- [Exercise goal] Pictures in the records below must be left out. Return exactly the lines from the line with "Bastian Schweinsteiger Bayern" to the line with "241 Southwest Drive, Chillicothe, MO 64601", both included.
··· Material to process ···
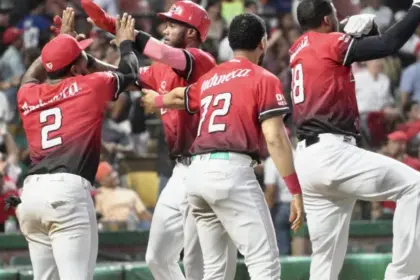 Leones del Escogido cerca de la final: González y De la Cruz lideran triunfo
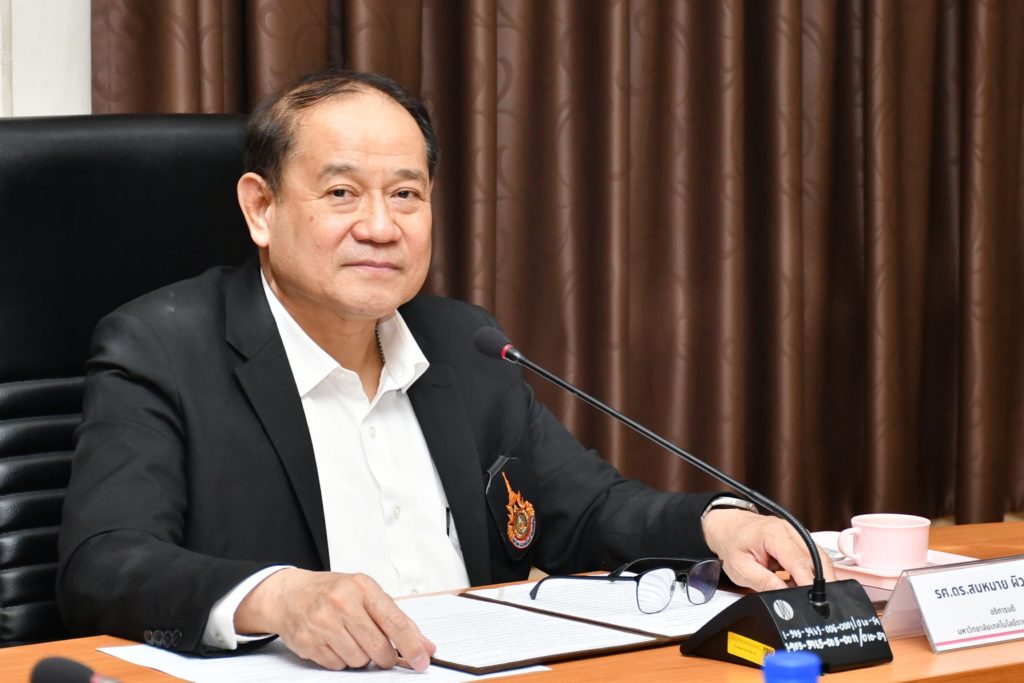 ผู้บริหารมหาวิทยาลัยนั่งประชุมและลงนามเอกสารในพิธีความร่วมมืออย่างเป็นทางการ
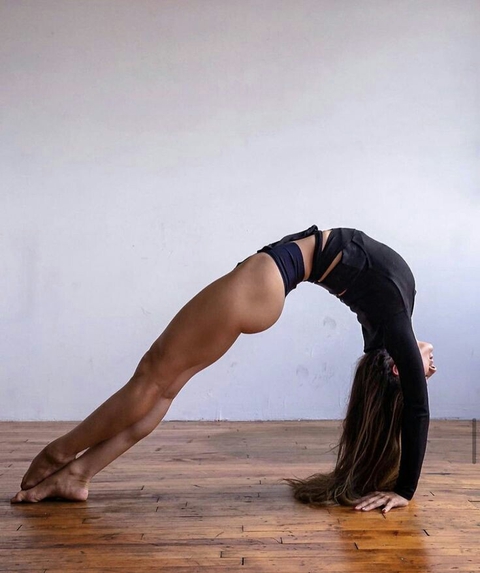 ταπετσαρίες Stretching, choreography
···
··· Material to process ···
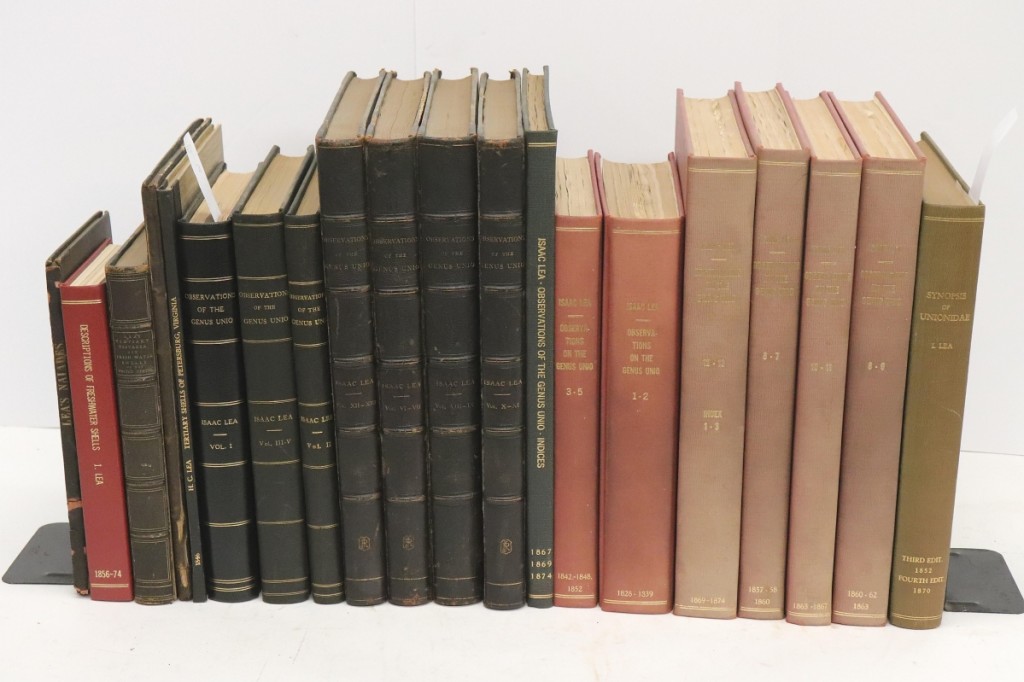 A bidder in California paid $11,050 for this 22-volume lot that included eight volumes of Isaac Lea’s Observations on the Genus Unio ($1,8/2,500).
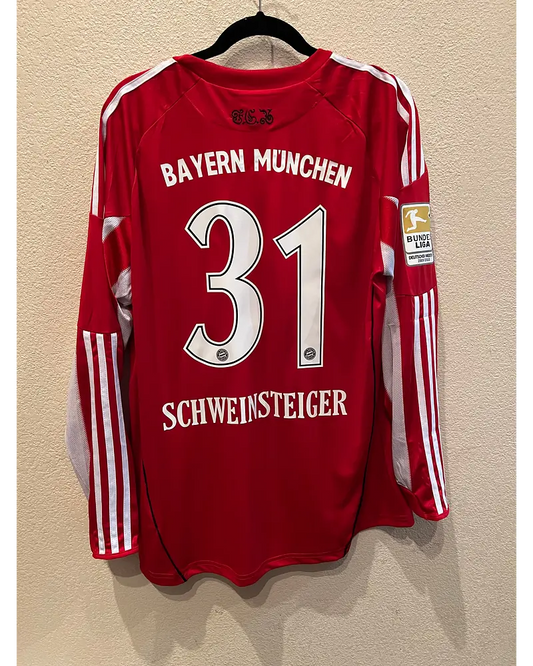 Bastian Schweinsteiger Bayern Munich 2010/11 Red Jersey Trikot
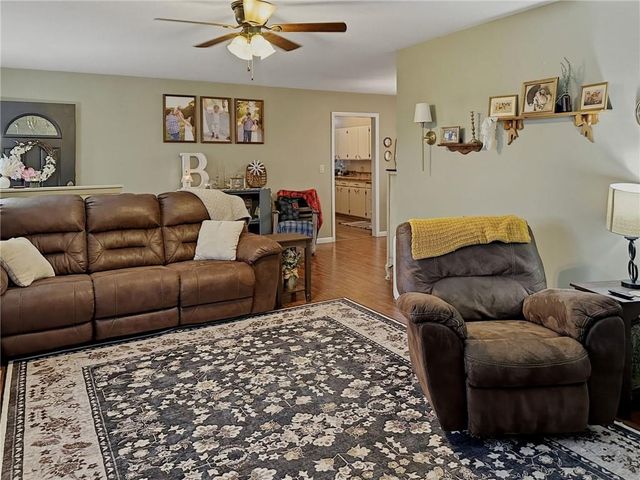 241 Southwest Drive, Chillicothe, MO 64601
···
··· Material to process ···
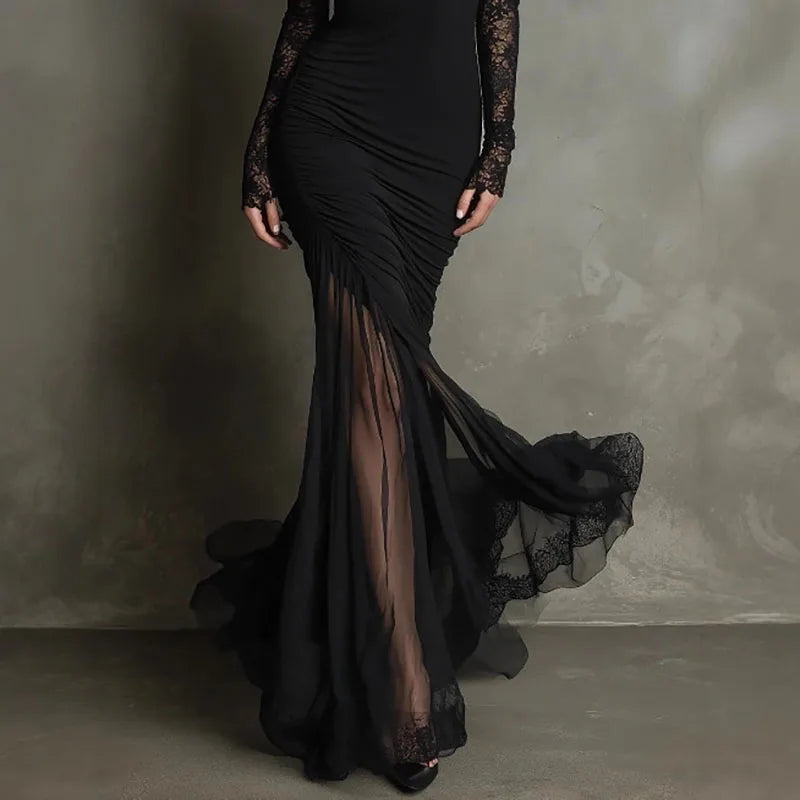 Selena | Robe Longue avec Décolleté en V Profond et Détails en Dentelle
···
- [Result for this exercise]
 Bastian Schweinsteiger Bayern Munich 2010/11 Red Jersey Trikot
 241 Southwest Drive, Chillicothe, MO 64601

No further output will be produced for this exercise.